Eventually a nurse came and told me that Amy was slowly waking up and I could be with her. All I wanted was for her to be able to meet our little boy. On the way to the postnatal ward, the nurses wheeled Amy’s bed through NICU so we could see James. I was so proud of us, I felt love right there and then. Amy was extremely groggy and struggling to stay awake, so we went up to the postnatal ward where she could rest and recover. It was then that I was told that I wouldn’t be able to stay that night. It went against every natural instinct to leave after everything that had happened. I went down to the NICU and saw James again, and I just stood there and stared. I vividly remember this moment. I could barely see him underneath all the machines and cords. I spoke to him in my head…it felt weird to talk to him out loud, it was so quiet in there. I still didn’t know much about his condition, but I felt sick with worry. And as I left my wife and our new baby at the hospital that night, I felt so alone and so helpless. I drove home in a zombie-like state and hopped straight into bed feeling emotionally exhausted, but I don’t think I slept more than a couple of hours that night.
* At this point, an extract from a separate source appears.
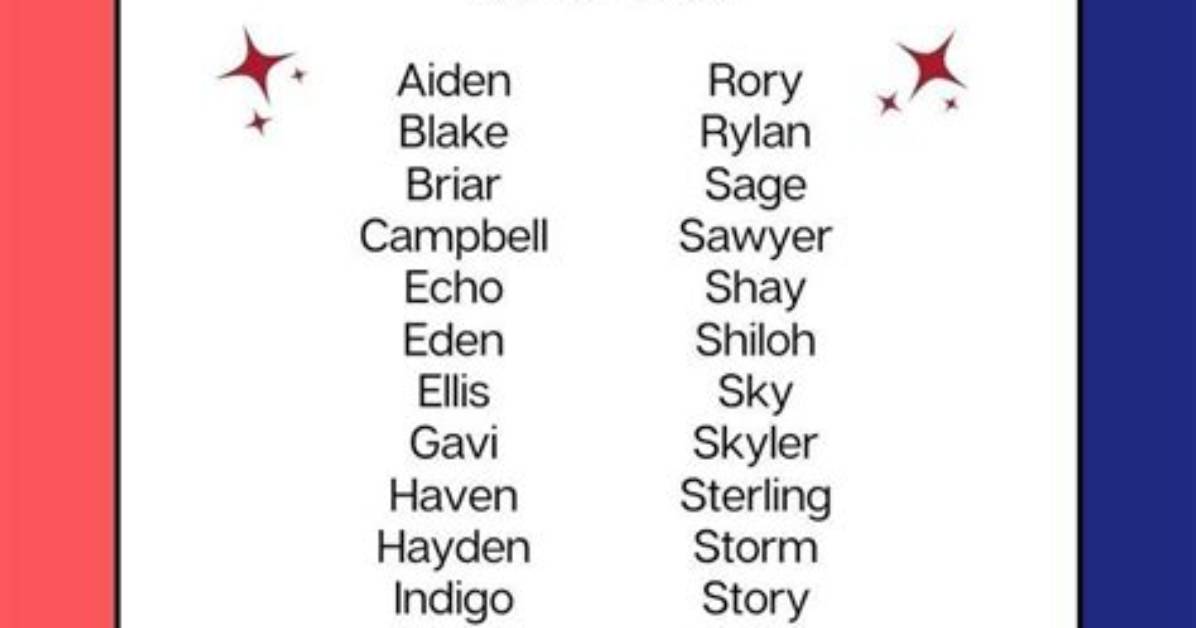 Is Renan a Male or Female Name?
From that moment on, the days were long and tiring. I had the following two weeks off work, and we spent each day by James’ side at the hospital from 9am until 6pm. We slowly started to form a routine and become accustomed to having a baby in NICU, but it never got easier. Every single time I heard the monitor alarm, my heart skipped a beat. I will never forget that noise. Eventually I had to return to work and this was also extremely hard. I enjoy my job but the thought of not being with James and Amy made me really resent having to work. It seemed pointless and a waste of time when every little piece of me wanted to be at the hospital with my family. These are just some of my worst memories from this time, but saying goodbye and leaving the hospital each night without our new baby was by far the hardest part of our NICU journey. I felt like I was leaving a piece of me behind.
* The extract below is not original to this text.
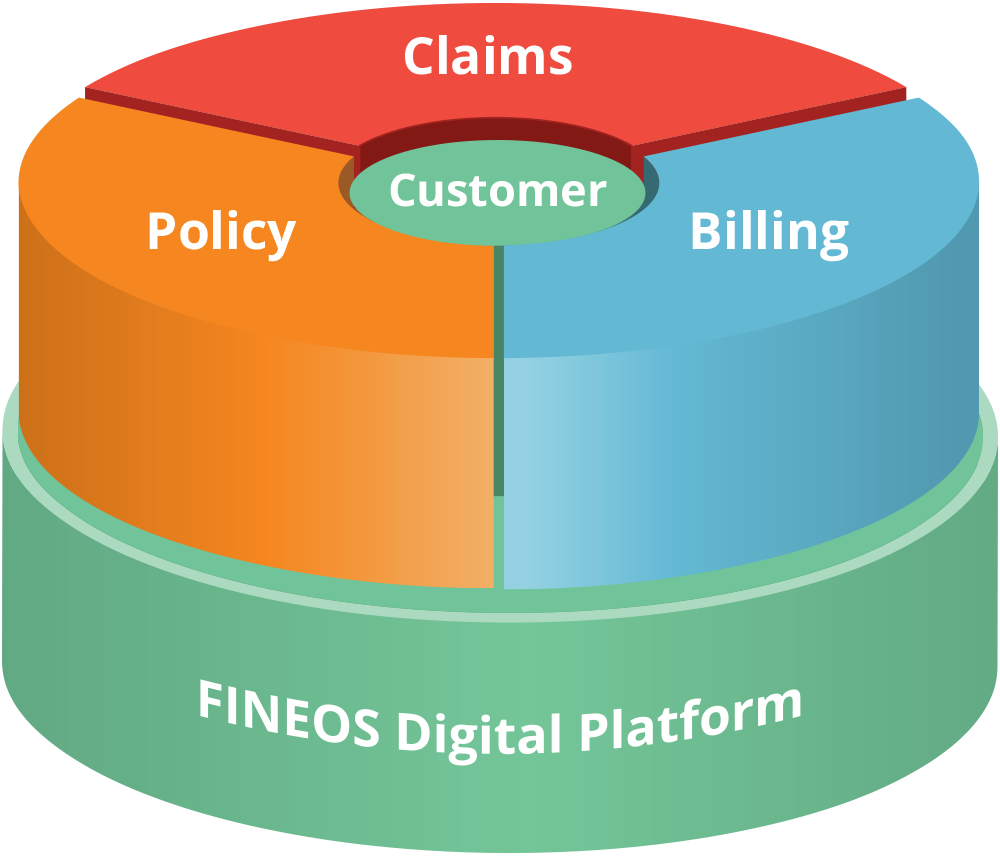 FINEOS Launches FINEOS Administration Suite for the Employee Benefits Industry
The saving grace for me was the one hour cuddle I got with James each day. Despite my apprehension that the humidicrib was the safest place for him and that I might hurt him, there was nothing better than being able to get him out. In those moments, no matter how brief, I felt like everything would be ok. My first cuddle was particularly special. I remember looking down at James with tears in my eyes and thinking he was so small and so light, but so beautiful. His first bath was also especially memorable and this was something I continued to look forward to – a routine task that parents perform everyday really helped to normalise our situation. And then the day finally came when we were able to walk out of those hospital doors with Jimmy and take him home. It was the biggest highlight of all. I was so proud of him and I was so proud of us, and I finally felt like a Dad.  
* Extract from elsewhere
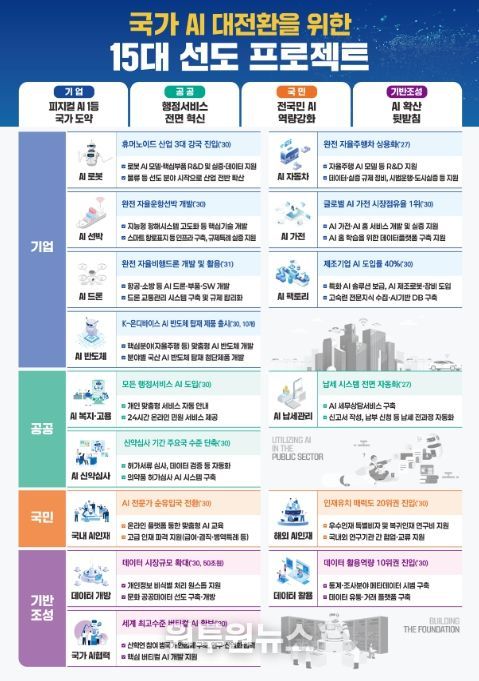 ‘의약품 AI 심사 시스템’ 소개 자료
Being a NICU Dad is unnatural. All you want to do is hug and kiss your baby whenever you wish, but you can’t. All of those fatherly instincts are thrown out the door and you are forced to do things that go against your very nature. It is constant worry about the health of your baby and anxiety over every single monitor alarm. This is something that I wish no parent ever had to experience. It is physically exhausting and emotionally draining, but you still struggle to sleep. The whole time you’re awake you are thinking about the what if’s and the unknown. It’s not something you can ever switch off from. But somewhere amongst all of this, you learn to cherish the small things – those quick cuddles, his finger wrapped around yours, when he briefly opens his eyes. You learn to make the most of every single moment – when he learns new things, when he gains weight and reaches different milestones. Being a NICU Dad is hard, but it doesn’t last forever, and you are not alone.